About this task:
Could you reproduce, from the records below, everything from the line with "Tigreal Font Family" down to the line with "<b>안양</b>수리산의 노을과 하늘소경", keeping both of those lines and changing nothing?

The data:
Segment Open

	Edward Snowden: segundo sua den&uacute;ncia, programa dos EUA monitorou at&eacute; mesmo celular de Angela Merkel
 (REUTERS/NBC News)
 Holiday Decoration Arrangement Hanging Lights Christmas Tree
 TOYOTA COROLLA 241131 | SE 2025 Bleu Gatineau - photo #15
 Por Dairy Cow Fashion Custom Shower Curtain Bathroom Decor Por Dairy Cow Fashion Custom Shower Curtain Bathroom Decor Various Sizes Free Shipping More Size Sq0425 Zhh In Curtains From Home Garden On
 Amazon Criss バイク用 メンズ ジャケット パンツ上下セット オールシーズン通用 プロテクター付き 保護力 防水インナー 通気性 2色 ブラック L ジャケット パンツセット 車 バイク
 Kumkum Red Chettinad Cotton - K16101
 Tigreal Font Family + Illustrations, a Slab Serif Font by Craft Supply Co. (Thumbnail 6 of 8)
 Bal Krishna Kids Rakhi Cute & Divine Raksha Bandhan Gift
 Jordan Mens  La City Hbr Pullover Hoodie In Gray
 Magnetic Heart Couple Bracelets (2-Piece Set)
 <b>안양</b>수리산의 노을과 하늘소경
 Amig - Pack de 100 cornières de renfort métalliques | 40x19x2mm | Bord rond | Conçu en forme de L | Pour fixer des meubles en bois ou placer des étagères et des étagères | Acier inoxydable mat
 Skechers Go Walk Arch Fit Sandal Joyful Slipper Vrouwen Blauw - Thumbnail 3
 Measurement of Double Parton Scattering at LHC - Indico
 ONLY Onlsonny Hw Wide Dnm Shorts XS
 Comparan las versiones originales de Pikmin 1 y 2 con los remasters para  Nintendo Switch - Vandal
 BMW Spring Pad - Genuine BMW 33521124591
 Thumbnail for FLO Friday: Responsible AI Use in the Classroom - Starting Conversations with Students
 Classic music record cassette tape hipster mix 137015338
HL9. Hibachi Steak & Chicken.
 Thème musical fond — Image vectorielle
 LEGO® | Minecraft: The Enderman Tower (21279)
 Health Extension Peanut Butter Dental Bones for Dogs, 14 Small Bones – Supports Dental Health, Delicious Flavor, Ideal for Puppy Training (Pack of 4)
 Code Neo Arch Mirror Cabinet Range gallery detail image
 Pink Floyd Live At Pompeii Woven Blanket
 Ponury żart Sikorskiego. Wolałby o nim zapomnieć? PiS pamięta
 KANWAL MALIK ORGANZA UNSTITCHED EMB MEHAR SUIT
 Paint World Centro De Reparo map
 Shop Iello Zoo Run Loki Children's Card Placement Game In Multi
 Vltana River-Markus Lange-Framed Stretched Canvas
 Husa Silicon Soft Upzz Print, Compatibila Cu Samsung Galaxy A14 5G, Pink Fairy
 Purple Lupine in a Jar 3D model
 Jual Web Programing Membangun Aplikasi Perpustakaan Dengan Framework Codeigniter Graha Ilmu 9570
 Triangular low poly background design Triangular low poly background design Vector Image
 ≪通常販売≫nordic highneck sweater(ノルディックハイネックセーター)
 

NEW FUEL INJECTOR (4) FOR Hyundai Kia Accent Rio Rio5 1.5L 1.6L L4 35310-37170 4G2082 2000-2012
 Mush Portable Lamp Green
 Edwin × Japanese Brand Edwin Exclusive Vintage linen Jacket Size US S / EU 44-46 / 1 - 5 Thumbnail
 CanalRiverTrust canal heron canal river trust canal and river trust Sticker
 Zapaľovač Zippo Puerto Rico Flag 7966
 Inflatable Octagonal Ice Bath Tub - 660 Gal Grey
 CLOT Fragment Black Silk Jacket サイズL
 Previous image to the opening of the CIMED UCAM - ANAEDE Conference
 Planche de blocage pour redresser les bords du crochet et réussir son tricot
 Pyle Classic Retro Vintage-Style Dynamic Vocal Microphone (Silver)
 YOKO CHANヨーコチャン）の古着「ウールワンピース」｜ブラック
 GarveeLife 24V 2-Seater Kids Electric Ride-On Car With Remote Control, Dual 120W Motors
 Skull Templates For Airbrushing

Segment Closed

Solution for this task:
 Tigreal Font Family + Illustrations, a Slab Serif Font by Craft Supply Co. (Thumbnail 6 of 8)
 Bal Krishna Kids Rakhi Cute & Divine Raksha Bandhan Gift
 Jordan Mens  La City Hbr Pullover Hoodie In Gray
 Magnetic Heart Couple Bracelets (2-Piece Set)
 <b>안양</b>수리산의 노을과 하늘소경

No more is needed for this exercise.